War am Karfreitag in Cuxhaven. Die Angler hatten leider nur zwischen 0 und drei Heringen in ihren Eimern, als ich kam. Habe dann ca. 1 Stunde geangelt, in der ich nichts, und die übrigen ca. 30 Angler insgesamt keine 5 Heringe gefangen. Habe die Sache dann aufgegeben, und mir noch ein schönes Stündchen am Strand gegönnt (herrliches Wetter!) Vielleicht war die Angelstelle auch nicht die Beste, aber weil auch Angler mit Cux-Kennzeichen dort waren, dachte ich mir, dass die sicherlich nicht an den schlechtesten Ecken angeln. Somit habe ich auch nicht weiter nach anderen Angelstellen gesucht. Wo die Stelle sich genau in den unübersichtlichen Hafenanlagen befand, kann ich nicht sagen. Ein Gebäude mit dem Schriftzug "Hassmann + ..." o.ä. lag direkt anbei. Zwei Schiffe von der Küstenwache (Hamburg und Bargstedt glaube ich) lagen im Hafenbecken.

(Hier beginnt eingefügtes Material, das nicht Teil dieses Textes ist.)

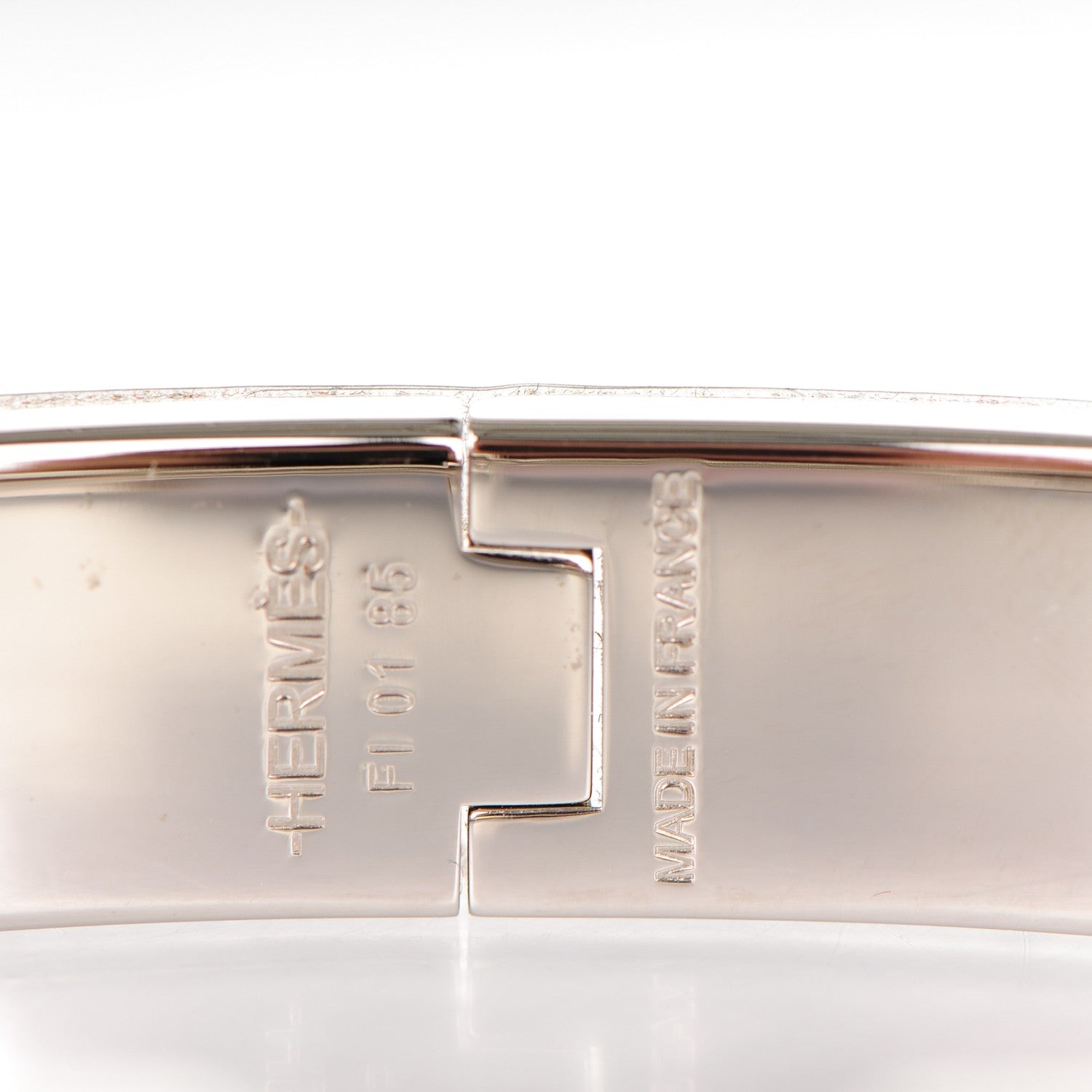 Hermes Matte Enamel Narrow Clic Clac HH Bracelet GM Bambou 4 of 4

Das gute Wetter hat den Mißerfolg aber entschädigt, und vielleicht versuche ich es noch ein zweites Mal.

Gruß und Petri Heil!
Björn


----------



## Guen (3. April 2002)

Naja ,gutes Wetter hattest Du ja ,ist doch auch entspannend  !Hättest ja unseren Seehund noch besuchen können  !

Gruss Guen


----------